Here’s an observation that might throw our generation’s self-image into peril: according to the Marriage Pact, Stanford students rank political engagement as one of their lowest possible priorities in a partner.

At the end of the Marriage Pact questionnaire, students are asked to “Choose which questions matter most to you.” The most commonly ranked question is “My spouse should be my best friend.” Aw. But as much as we claim to care about voter engagement, out of all 53 questions on the survey, “I always vote” was almost dead last. It was the #47th most important question, according to Stanford students, about as significant as “I like fast food.”

What’s more important than voting, according to the Marriage Pact respondents? Kinky sex, being well-dressed, having your children attend an Ivy-League college, PDA, and taking the Stanford Honor Code seriously, to name a few. You might brush off this statistic with the caveat that Stanford students simply don’t care if their significant other is politically engaged. But doesn’t that demonstrate something significant about our values?
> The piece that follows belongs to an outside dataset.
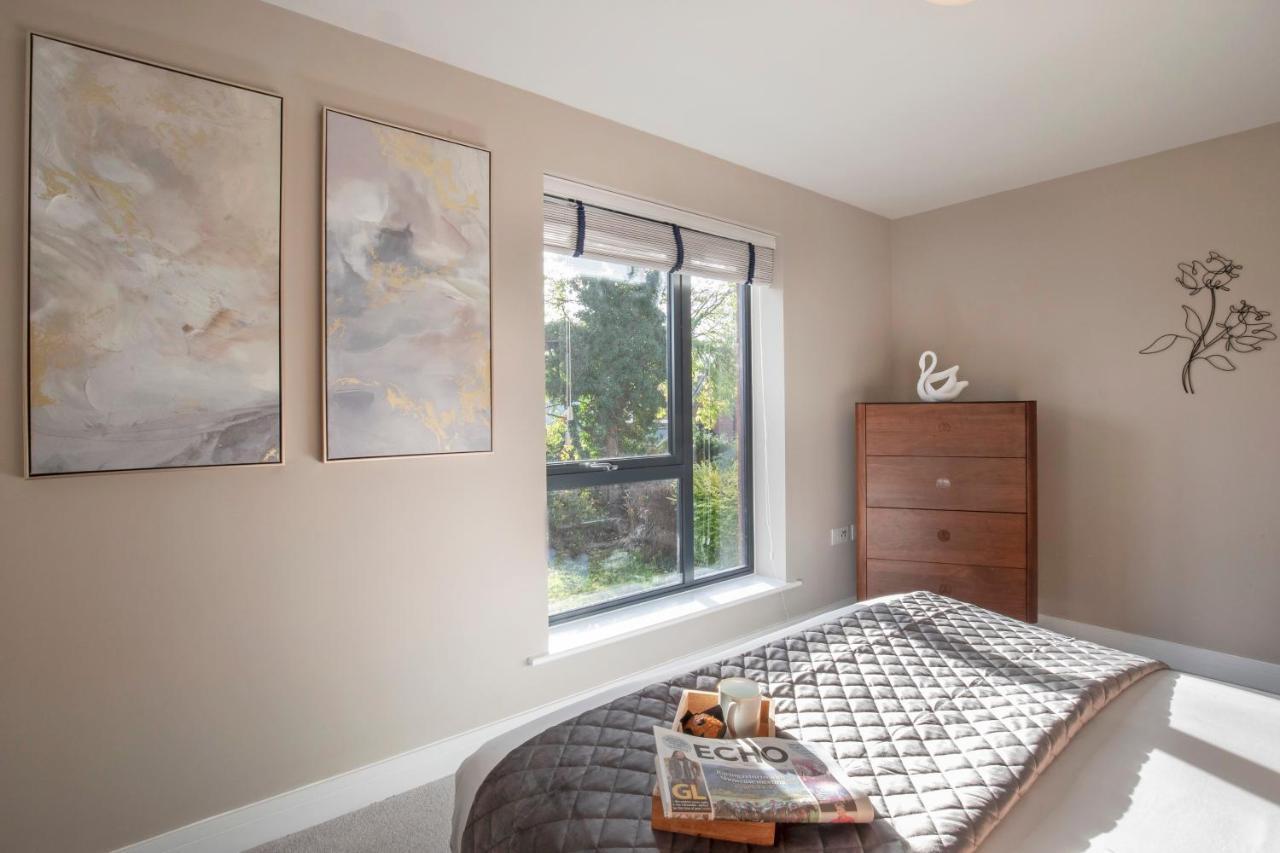 Elliot Oliver - Luxurious Two Bedroom Apartment With Parking Gloucester Exterior foto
People are incentivized to fill out the Marriage Pact honestly, seeking at least a new friend, and in many cases a potential romantic interest. If we care whether or not our partner is well-dressed, but don’t care whether or not they vote, that paints a pretty politically apathetic picture.

It makes me, for one, wonder how performative social media activism really is. We might encourage our followers to vote with a few glossy IG stories, but how much do we care, when it comes down to it? In some cases, not too much.